* **Goal of the exercise**
Look below for the line holding "Bir sayfalı açık hava sineması" and the line holding "Volvo V60 2,4". Repeat those two and everything between, exactly.

:: Exercise data ::

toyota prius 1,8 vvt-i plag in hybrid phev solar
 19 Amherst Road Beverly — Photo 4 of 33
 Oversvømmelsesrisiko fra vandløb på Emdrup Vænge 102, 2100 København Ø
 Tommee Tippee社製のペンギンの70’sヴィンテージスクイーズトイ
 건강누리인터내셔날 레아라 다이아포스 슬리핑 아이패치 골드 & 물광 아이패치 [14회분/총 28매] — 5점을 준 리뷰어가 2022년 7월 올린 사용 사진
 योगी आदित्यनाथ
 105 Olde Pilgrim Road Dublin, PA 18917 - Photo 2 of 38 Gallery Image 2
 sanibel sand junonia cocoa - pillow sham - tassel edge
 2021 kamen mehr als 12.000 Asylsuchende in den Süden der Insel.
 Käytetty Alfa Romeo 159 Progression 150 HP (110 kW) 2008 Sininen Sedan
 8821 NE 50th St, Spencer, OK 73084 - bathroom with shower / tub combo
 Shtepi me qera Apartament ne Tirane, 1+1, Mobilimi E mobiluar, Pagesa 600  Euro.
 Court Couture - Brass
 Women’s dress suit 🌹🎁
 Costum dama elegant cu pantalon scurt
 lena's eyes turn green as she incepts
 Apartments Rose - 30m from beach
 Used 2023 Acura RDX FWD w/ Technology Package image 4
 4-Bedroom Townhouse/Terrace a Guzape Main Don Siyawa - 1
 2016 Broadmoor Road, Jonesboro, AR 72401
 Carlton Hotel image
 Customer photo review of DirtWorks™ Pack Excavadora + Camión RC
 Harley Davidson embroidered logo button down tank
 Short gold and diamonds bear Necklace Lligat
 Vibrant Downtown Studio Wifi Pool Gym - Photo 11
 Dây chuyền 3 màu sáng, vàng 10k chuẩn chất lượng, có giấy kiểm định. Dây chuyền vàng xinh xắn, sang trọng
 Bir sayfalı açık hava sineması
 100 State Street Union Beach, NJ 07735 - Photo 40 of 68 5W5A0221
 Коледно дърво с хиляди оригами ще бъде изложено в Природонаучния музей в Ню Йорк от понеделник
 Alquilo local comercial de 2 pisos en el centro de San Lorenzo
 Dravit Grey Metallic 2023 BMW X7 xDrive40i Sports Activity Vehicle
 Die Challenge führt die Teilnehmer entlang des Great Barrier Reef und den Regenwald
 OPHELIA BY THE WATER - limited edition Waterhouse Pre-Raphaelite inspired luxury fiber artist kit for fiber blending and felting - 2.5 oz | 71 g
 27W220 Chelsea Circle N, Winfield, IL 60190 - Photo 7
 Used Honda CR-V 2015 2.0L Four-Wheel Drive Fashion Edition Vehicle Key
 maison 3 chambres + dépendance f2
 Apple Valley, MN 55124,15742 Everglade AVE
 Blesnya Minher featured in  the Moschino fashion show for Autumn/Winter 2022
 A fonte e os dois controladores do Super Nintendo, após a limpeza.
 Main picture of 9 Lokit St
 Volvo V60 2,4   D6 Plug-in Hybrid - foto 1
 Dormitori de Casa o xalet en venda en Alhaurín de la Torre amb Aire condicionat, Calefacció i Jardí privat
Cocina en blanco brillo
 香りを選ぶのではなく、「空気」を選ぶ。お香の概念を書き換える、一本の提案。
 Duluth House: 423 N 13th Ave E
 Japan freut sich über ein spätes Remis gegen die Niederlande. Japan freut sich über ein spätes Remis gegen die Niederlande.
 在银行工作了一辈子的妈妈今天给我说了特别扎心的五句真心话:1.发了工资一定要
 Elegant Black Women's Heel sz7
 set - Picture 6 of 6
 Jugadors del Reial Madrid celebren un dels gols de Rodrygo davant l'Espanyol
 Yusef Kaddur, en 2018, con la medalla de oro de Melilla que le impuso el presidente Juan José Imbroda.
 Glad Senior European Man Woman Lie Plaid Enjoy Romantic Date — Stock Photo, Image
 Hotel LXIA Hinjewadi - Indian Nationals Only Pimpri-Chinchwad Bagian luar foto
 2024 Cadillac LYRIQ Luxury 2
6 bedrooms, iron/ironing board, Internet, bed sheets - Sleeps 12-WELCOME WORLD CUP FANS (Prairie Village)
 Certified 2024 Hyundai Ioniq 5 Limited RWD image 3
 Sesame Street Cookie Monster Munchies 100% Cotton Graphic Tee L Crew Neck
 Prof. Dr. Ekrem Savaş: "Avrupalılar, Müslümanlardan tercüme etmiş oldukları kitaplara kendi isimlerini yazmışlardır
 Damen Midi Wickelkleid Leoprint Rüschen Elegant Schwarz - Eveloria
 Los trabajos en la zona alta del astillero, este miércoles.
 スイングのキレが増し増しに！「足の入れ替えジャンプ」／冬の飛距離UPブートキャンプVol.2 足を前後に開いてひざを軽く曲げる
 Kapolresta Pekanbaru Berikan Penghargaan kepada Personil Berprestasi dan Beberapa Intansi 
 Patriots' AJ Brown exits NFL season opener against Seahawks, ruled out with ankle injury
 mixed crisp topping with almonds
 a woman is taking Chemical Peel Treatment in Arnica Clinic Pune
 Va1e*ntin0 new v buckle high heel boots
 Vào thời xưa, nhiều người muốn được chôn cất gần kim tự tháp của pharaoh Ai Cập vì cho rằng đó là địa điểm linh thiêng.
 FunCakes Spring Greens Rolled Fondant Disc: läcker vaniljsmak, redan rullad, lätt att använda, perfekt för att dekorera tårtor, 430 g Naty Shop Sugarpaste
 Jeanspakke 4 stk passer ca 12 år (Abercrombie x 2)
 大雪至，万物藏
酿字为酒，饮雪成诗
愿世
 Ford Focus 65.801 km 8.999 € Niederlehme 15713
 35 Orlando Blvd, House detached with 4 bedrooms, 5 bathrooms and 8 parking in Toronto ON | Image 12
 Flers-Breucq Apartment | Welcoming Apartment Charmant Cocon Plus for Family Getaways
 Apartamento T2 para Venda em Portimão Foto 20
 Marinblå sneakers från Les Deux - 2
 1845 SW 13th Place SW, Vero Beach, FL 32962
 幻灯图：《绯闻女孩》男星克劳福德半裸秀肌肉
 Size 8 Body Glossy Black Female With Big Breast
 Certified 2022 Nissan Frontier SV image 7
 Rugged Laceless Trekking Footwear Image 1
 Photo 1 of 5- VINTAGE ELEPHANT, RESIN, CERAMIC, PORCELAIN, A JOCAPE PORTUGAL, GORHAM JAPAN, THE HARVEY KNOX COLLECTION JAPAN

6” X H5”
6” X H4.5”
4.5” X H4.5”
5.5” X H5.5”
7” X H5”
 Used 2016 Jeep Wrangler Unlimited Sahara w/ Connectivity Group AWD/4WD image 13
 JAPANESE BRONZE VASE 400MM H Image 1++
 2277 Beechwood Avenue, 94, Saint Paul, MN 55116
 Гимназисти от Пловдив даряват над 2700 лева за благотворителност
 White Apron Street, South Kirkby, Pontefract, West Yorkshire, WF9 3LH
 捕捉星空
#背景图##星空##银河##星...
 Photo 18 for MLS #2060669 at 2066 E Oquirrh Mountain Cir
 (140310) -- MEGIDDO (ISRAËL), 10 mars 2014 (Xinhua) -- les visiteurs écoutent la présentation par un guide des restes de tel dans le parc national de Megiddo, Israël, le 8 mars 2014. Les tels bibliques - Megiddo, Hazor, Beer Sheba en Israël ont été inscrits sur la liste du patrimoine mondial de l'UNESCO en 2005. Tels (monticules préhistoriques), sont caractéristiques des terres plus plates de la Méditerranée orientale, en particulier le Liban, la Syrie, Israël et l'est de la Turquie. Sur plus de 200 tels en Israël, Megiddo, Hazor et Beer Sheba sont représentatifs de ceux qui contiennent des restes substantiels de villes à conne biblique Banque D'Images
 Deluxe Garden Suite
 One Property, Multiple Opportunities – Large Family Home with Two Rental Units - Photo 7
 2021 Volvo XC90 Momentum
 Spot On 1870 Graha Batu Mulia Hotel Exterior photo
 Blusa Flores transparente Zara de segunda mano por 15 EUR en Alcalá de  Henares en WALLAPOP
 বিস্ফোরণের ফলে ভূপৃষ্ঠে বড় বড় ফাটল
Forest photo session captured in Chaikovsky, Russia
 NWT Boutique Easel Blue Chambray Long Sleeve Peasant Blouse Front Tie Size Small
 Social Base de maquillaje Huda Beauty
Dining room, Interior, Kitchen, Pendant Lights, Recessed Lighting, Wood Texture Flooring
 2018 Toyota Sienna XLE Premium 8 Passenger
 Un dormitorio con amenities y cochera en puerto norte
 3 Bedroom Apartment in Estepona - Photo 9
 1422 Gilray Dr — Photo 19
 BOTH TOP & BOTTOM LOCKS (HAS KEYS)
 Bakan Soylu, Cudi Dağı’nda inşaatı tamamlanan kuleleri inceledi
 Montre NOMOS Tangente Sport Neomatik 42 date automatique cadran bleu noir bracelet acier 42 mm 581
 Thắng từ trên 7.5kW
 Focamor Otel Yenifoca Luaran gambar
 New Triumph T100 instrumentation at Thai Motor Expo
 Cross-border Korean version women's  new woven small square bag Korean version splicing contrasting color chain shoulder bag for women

:::

* **Exercise response**
 Bir sayfalı açık hava sineması
 100 State Street Union Beach, NJ 07735 - Photo 40 of 68 5W5A0221
 Коледно дърво с хиляди оригами ще бъде изложено в Природонаучния музей в Ню Йорк от понеделник
 Alquilo local comercial de 2 pisos en el centro de San Lorenzo
 Dravit Grey Metallic 2023 BMW X7 xDrive40i Sports Activity Vehicle
 Die Challenge führt die Teilnehmer entlang des Great Barrier Reef und den Regenwald
 OPHELIA BY THE WATER - limited edition Waterhouse Pre-Raphaelite inspired luxury fiber artist kit for fiber blending and felting - 2.5 oz | 71 g
 27W220 Chelsea Circle N, Winfield, IL 60190 - Photo 7
 Used Honda CR-V 2015 2.0L Four-Wheel Drive Fashion Edition Vehicle Key
 maison 3 chambres + dépendance f2
 Apple Valley, MN 55124,15742 Everglade AVE
 Blesnya Minher featured in  the Moschino fashion show for Autumn/Winter 2022
 A fonte e os dois controladores do Super Nintendo, após a limpeza.
 Main picture of 9 Lokit St
 Volvo V60 2,4   D6 Plug-in Hybrid - foto 1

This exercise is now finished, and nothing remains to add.